This pork belly is very easy to do and it is amazingly good. The combination of the caramel sauce with the pork together with the herbs, it's just awesome!!
INGREDIENTS
1kg boneless pork belly, skin on
1/2 cup (110g) firmly packed brown sugar
1/3 cup (80ml) red wine vinegar
2 star anise
juice of 1 lime, plus wedges to serve
1 cup mint leaves
1 cup coriander leaves
1 cup Thai basil leaves
3 spring onions, thinly sliced
1 long red chilli, seeds removed, thinly sliced
METHOD:
Preheat the oven to 220°C.
Score the pork belly skin at 1 cm intervals. Place the pork on a rack in a roasting pan, skin-side up.
Rub 2 tablespoons salt into the skin, then pour in enough water to fill the pan to just under the rack.
Roast for 30 minutes or until the skin is crispy, then reduce the oven to 180°C and roast for a further 1 1/2 hours or until the meat is tender, topping up with water as necessary.

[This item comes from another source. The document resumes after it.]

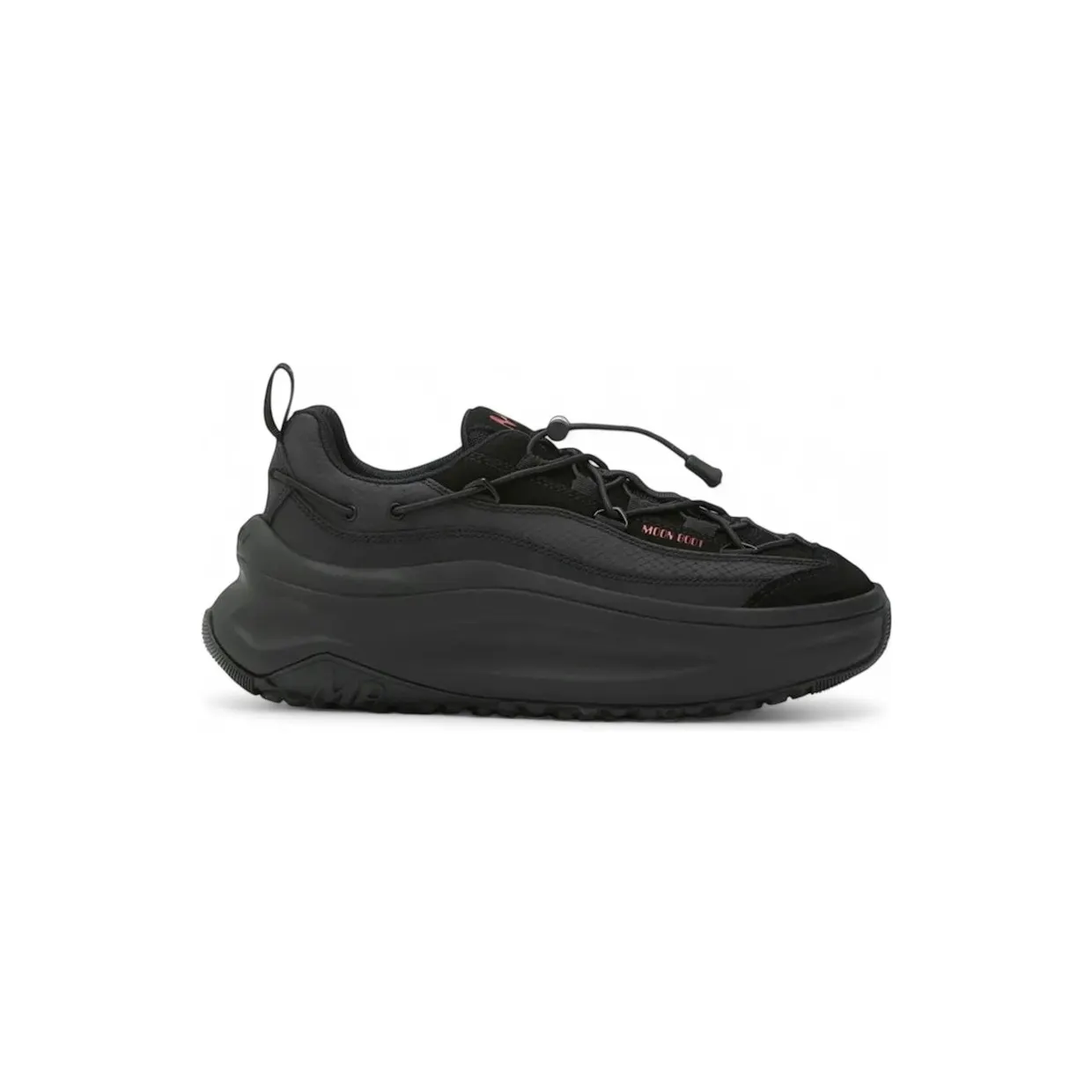 Moon Boot Moon247 Xlace Black (80D2490100-NH36)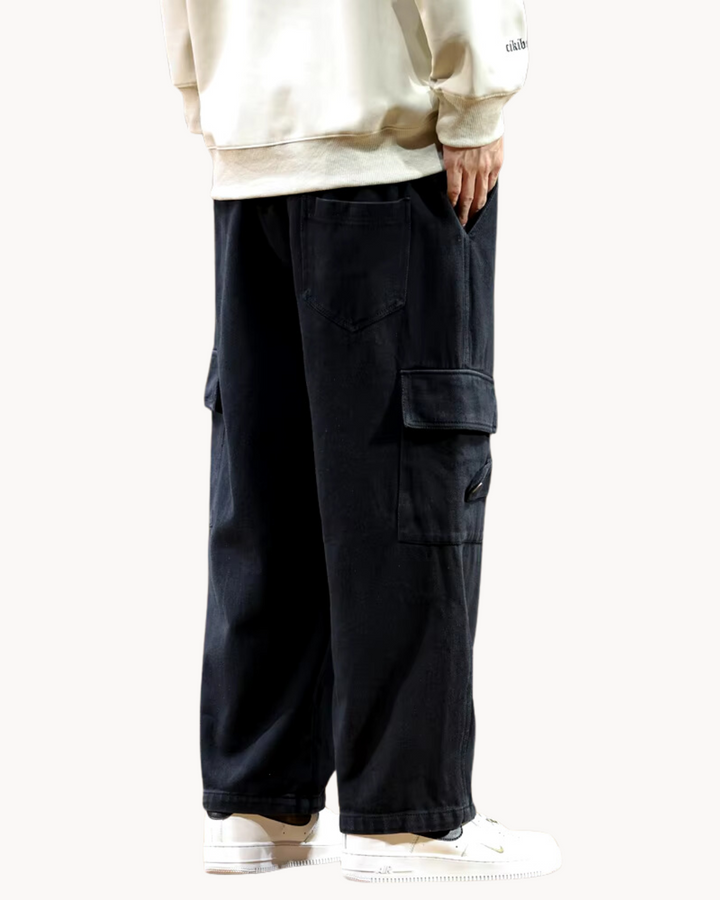 Cade | Cargo Joggers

Meanwhile, place the brown sugar, vinegar and star anise in a pan over low heat, stirring to dissolve the sugar.
Simmer for 5 minutes, then add the chicken stock and simmer for 5-6 minutes until reduced by half.
Add the lime juice and continue to reduce for 3-4 minutes until syrupy.
Make a bed of herbs, spring onion and chilli in a serving platter.
Carve the pork into bite-sized cubes and arrange on the platter.
Drizzle with the caramel dressing and serve with lime wedges to squeeze over.